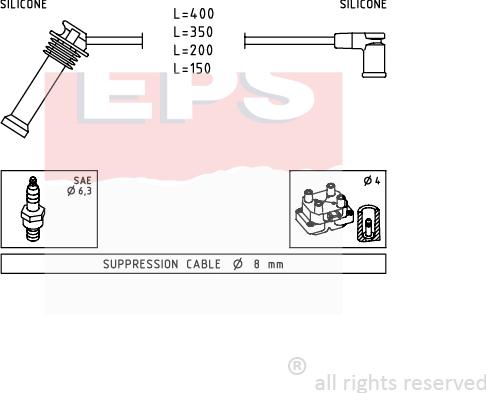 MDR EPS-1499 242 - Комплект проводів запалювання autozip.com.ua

::::

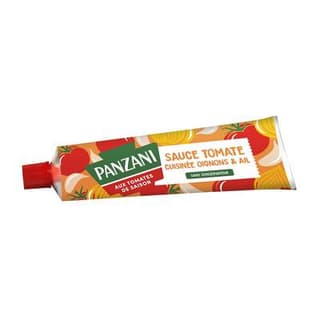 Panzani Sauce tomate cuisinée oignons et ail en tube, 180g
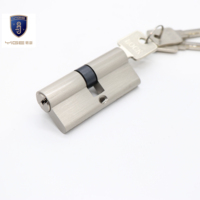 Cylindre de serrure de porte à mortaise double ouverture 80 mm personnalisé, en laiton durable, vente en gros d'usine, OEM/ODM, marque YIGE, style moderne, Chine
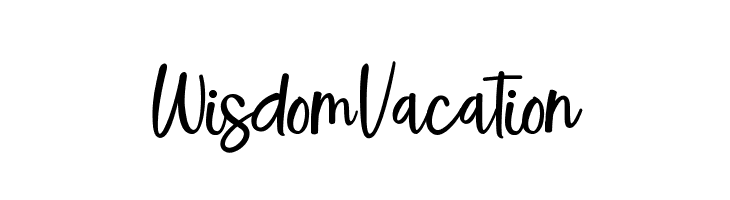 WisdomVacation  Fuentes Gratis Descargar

::::

• _Task brief_
The answer is the lines above from the one with "Panzani Sauce tomate" to the one with "Cylindre de serrure", set down exactly, with no pictures.

• _Result of the task_
 Panzani Sauce tomate cuisinée oignons et ail en tube, 180g
 Cylindre de serrure de porte à mortaise double ouverture 80 mm personnalisé, en laiton durable, vente en gros d'usine, OEM/ODM, marque YIGE, style moderne, Chine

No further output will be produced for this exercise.